What does the hyperparameter "normalize" refer to in PPO?
cboettig opened this issue · 4 comments
PPO hyperparameter configurations often refer to normalize
as a logical, e.g.
rl-baselines3-zoo/hyperparams/ppo.yml
Line 44 in 8ea4f4a
It's not clear to me what configuration this particular hyperparameter refers to, (if anything?) e.g. I see A2C tunes the normalize_advantage
parameter, but that's not a hyperparameter for PPO. PPO has a boolean to normalize_image, but don't think that's it either. Is this controlling whether or not the env gets wrapped in vector normalize?
(For context here -- I've found the zoo scripts here particularly handy for tuning even for my custom environments, thanks! but am struggling to reproduce some of the tuned results by passing the best hyper-parameters directly to fresh initializations of the RL algorithms. Thanks for the amazing work you've done in developing stable-baselines and the zoo!)
Yes, this parameter refers to wrapping environment with VecNormalize, wrapped here.

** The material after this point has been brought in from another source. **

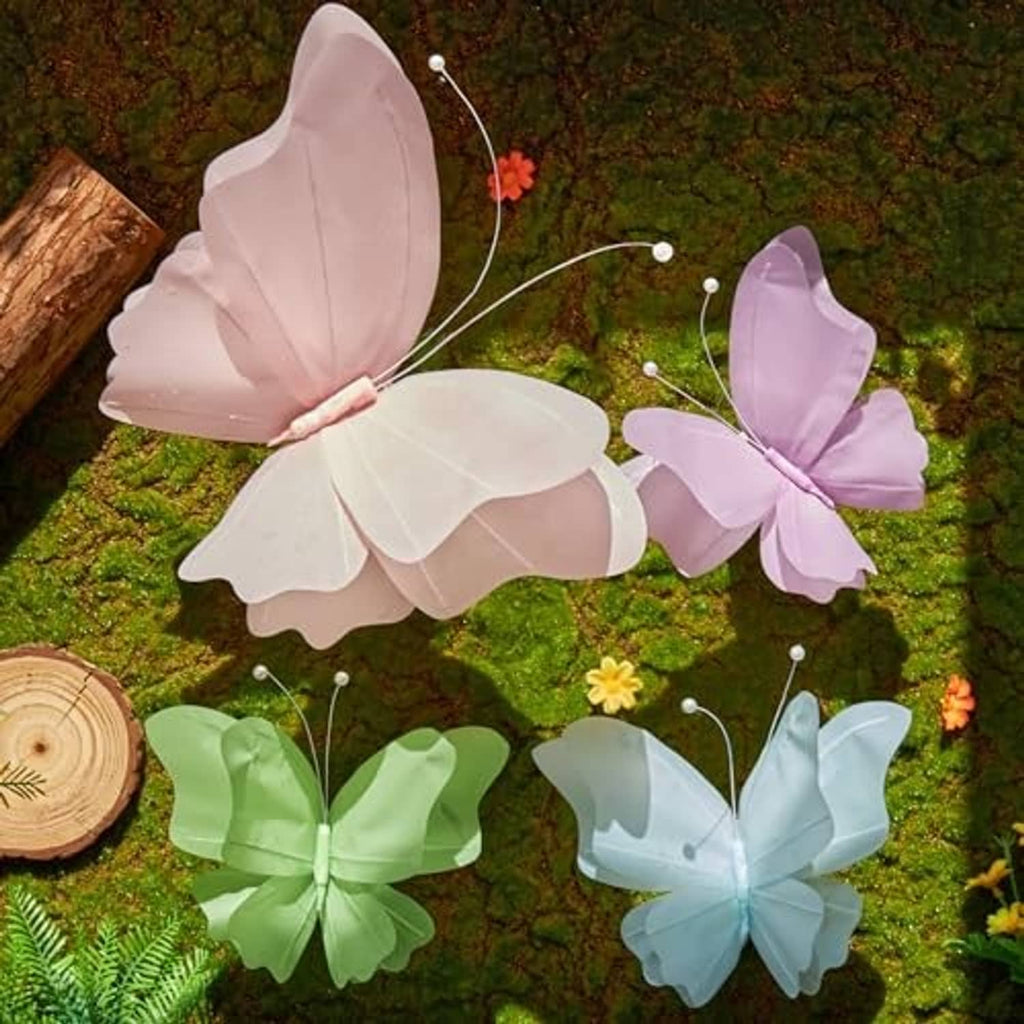 3D butterflies on wire stems in pink, lavender, green, and light blue for party decor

PS: Thanks for the kind words which make return from the vacations easier :)
It's not clear to me what configuration this particular hyperparameter refers to
Yes, those are parameters to VecNormalize
wrapper.
By default, observation and return normalization are enabled, but you can change that as in
https://github.com/DLR-RM/rl-baselines3-zoo/blob/master/hyperparams/sac.yml#L208
A PR that document this value in the config would be appreciated ;)
Awesome, thanks. So just to be sure I got this right, all algos, not just PPO, use the VecNormalize
wrapper around the environment, with norm_obs
and norm_reward
are True
by default (unless over-ridden in hyperparameters yaml files as shown?) With these parameters listed at
https://github.com/DLR-RM/stable-baselines3/blob/master/stable_baselines3/common/vec_env/vec_normalize.py#L29-L37 ?

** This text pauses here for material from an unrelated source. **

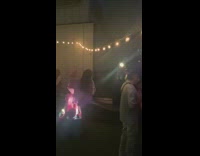 Woman violet outfit hugs pink statue at a party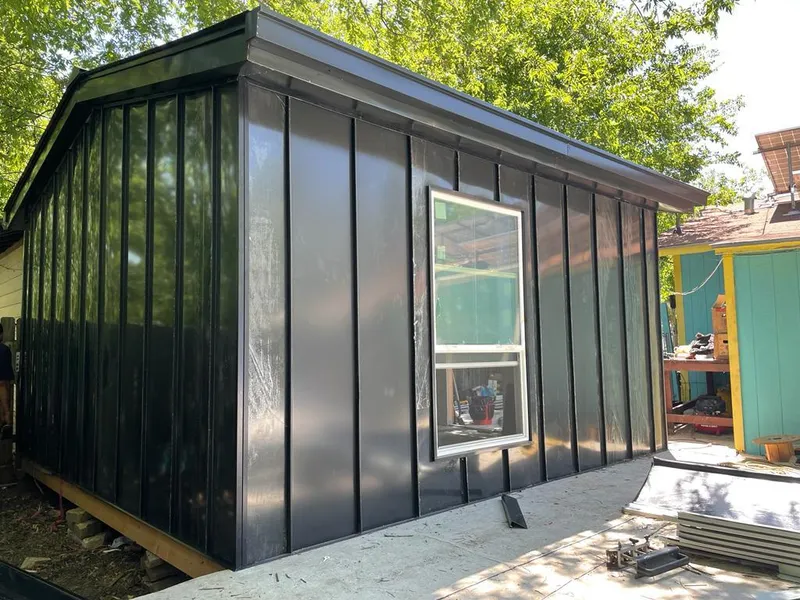 Black standing seam metal wall panels for Metal Roof Installation in South Portland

Or it looks like some of those parameters are overwritten? e.g. gamma for the normalization is set to whatever gamma the agent is using? Happy to prep a PR, and sorry for all the questions, my earlier attempts to eyeball the source definitely miss-read this (looked to me that the default normalization was False
, a la https://github.com/DLR-RM/rl-baselines3-zoo/blob/master/utils/exp_manager.py#L85). again apologies for being dense
So just to be sure I got this right, all algos, not just PPO, use the VecNormalize wrapper around the environment, with norm_obs and norm_reward are True by default
unless over-ridden in hyperparameters yaml files as shown?
yes
Or it looks like some of those parameters are overwritten? e.g. gamma for the normalization is set to whatever gamma the agent is using?
gamma is the only one we override automatically for correctness (and only if present in the hyperparameters).
We also deactivate reward normalization when evaluating the agent (to have the true reward, even though it is not needed anymore as we recently switched to Monitor
wrapper).
Happy to prep a PR, and sorry for all the questions,
no pb ;)
If you were confused, then you were probably not the only one.